Im Mai 1982 gingen Lesben in Genf «Gegen den Zwang zur Heterosexualität» auf die Strasse und 1986 forderten sie u.a. «Politisches Asyl für Lesben aller Nationen». Dank solchen Demos können wir heute darüber streiten, ob wir für oder gegen die Ehe sind, und uns, unabhängig von romantischer und sexueller Orientierung, unabhängig von Geschlechtsidentität, für oder gegen das Heiraten und die damit verbundenen Rechte entscheiden. Dank dieser und vielen anderen Demos und politischer Arbeit auf und neben den Strassen gibt es seit 2012 ausserdem endlich eine UNHCR-Richtlinie, die allen LGBTQIA+-Personen den Flüchtlingsstatus zuerkennen will, die in ihren Herkunftsländern kriminalisiert oder strafrechtlich verfolgt werden. Auch wenn die Schweiz diese Richtlinie (noch) nicht befolgt, sondern zusätzlich verlangt, dass die Geflüchteten spezifische Nachteile und eine ernsthafte Gefährdung nachweisen, zeigt sich: Sichtbarkeit politischer Forderungen auf der Strasse verhelfen diesen zur Durchsetzung.

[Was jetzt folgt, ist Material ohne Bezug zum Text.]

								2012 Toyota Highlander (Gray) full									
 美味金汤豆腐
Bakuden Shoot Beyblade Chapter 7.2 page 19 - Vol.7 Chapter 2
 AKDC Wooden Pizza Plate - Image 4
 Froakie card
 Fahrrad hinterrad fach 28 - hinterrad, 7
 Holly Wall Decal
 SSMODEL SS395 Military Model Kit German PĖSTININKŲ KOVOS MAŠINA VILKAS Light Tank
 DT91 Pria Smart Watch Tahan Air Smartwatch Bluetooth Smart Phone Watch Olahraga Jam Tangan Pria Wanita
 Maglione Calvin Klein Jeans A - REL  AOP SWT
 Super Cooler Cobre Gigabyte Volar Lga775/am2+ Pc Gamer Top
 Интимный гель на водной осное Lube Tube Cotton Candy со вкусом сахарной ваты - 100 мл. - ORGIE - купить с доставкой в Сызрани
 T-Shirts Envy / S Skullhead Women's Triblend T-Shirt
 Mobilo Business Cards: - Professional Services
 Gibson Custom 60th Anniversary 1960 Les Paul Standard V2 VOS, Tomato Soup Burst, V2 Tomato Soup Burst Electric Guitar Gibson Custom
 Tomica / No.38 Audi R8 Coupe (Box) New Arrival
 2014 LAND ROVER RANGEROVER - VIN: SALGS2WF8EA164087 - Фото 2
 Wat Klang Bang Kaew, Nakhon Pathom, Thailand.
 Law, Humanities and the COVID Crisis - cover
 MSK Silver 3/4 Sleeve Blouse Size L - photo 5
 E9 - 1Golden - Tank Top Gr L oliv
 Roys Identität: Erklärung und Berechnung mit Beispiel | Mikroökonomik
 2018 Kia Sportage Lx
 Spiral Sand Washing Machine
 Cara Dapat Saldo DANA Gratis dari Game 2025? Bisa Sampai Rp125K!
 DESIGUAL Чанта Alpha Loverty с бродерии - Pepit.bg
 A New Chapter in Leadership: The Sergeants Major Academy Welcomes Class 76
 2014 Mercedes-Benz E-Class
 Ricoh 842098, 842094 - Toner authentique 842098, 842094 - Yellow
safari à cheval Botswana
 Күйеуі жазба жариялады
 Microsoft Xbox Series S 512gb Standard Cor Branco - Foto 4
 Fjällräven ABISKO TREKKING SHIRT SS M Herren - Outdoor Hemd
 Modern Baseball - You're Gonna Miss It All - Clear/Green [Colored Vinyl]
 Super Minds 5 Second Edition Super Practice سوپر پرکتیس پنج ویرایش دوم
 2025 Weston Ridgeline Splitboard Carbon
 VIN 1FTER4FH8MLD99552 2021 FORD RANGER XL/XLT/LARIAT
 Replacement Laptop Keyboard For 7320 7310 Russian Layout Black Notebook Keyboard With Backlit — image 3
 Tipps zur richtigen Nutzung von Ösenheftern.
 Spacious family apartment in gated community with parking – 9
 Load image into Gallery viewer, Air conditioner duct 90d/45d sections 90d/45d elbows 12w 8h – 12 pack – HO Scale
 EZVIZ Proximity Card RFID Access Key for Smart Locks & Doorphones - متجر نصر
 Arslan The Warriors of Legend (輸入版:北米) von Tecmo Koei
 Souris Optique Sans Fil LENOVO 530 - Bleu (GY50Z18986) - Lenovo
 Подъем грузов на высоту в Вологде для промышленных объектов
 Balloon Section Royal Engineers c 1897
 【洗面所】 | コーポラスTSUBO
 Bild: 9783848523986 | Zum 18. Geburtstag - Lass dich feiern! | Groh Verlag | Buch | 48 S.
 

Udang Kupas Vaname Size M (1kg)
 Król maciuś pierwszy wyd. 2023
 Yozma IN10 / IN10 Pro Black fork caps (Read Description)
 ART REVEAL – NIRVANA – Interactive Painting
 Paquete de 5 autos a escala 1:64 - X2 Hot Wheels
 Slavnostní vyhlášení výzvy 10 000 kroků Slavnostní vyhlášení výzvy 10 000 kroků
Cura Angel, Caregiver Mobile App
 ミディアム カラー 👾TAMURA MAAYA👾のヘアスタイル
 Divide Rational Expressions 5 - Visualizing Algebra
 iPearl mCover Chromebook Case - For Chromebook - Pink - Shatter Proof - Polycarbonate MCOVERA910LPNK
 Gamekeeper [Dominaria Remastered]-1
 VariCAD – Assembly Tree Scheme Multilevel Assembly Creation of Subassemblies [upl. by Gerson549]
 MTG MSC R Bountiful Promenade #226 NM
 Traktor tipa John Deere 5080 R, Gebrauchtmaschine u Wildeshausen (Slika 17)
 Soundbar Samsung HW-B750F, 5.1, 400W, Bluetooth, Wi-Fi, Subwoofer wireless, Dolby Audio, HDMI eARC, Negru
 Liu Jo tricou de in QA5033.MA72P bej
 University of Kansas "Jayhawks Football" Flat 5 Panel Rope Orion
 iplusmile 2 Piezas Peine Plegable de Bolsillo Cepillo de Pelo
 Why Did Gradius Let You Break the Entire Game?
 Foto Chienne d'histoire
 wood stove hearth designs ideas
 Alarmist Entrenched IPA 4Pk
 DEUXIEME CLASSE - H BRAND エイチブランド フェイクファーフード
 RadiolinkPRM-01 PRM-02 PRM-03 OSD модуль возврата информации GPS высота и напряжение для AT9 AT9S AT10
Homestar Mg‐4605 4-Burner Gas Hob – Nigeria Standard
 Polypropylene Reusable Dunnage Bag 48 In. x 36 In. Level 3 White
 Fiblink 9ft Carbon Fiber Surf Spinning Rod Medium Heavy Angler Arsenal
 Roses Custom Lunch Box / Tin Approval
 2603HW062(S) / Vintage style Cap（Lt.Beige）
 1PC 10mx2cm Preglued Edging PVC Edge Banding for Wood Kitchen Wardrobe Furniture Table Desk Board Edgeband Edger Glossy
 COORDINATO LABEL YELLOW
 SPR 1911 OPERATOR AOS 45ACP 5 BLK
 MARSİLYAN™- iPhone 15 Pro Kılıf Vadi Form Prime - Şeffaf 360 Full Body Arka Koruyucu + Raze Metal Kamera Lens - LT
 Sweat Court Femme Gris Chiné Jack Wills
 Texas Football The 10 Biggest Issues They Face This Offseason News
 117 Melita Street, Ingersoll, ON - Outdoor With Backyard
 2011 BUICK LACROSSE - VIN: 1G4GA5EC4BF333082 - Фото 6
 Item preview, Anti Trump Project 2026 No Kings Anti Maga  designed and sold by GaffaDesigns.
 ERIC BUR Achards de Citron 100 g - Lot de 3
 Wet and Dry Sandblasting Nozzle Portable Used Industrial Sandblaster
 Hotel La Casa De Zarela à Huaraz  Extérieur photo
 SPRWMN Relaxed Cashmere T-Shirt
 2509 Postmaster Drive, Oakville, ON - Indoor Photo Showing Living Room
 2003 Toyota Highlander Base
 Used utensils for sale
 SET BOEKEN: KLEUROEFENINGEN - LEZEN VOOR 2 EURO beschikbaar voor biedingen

Als Minderheit und Teil marginalisierter Gruppen ermöglichen es öffentliche Versammlungen, Kundgebungen und Umzüge, auf ganz unmittelbare Art in das Leben und den Alltag einer Mehrheitsgesellschaft einzutreten. So werden plötzlich Menschen, die sich bisher keine Gedanken machten über die Lebensbedingungen ausserhalb der Heteronormativität, beim Einkaufen oder Spazierengehen mit anderen Lebensentwürfen und Ungerechtigkeiten konfrontiert, die sie (vermeintlich) nicht betreffen. Gerade für Menschen, die nicht abstimmen dürfen, können Demonstrationen ein Ort sein, um gehört zu werden. Sich zusammenzufinden und ein gemeinsames Anliegen auf die Strasse zu tragen, den Raum mit der eigenen Präsenz zu einem öffentlichen, zu einem politischen zu machen und sichtbar zu werden, ist für eine demokratische Gesellschaft genauso notwendig wie parlamentarische Institutionen. Der Europäische Gerichtshof für Menschenrechte und das Bundesgericht betonen deshalb regelmässig, dass die Meinungs- und Versammlungsfreiheit als Grundlage der Demokratie zu verstehen und entsprechend zu schützen sind.
Manchmal ist politischer Aktivismus allerdings auch frustrierend, weil es sich so anfühlen kann, als ob man zum 100. Mal für dieselbe Sache auf die Strasse geht und sich doch nichts oder aber jedenfalls zu wenig ändert. Mir hilft es, dann an Audre Lorde zu denken: Gesellschaftliche Transformation lässt sich nicht mit einer einzelnen Kundgebung erreichen, sondern bedingt eben kontinuierliches Bemühen: unser aller Weiterdemonstrieren, Weiterdenken, Weiterfeiern. Wir sehen uns – an einem CSD, einer Pride, einer Party, einer Sitzung oder anderswo.
Über die Autorin: Manuela Hugentobler ist wissenschaftliche Mitarbeiterin am Interdisziplinären Zentrum für Geschlechterforschung der Universität Bern, forscht zu demokratischer Partizipation und Diskriminierung und geht gerne an Demos.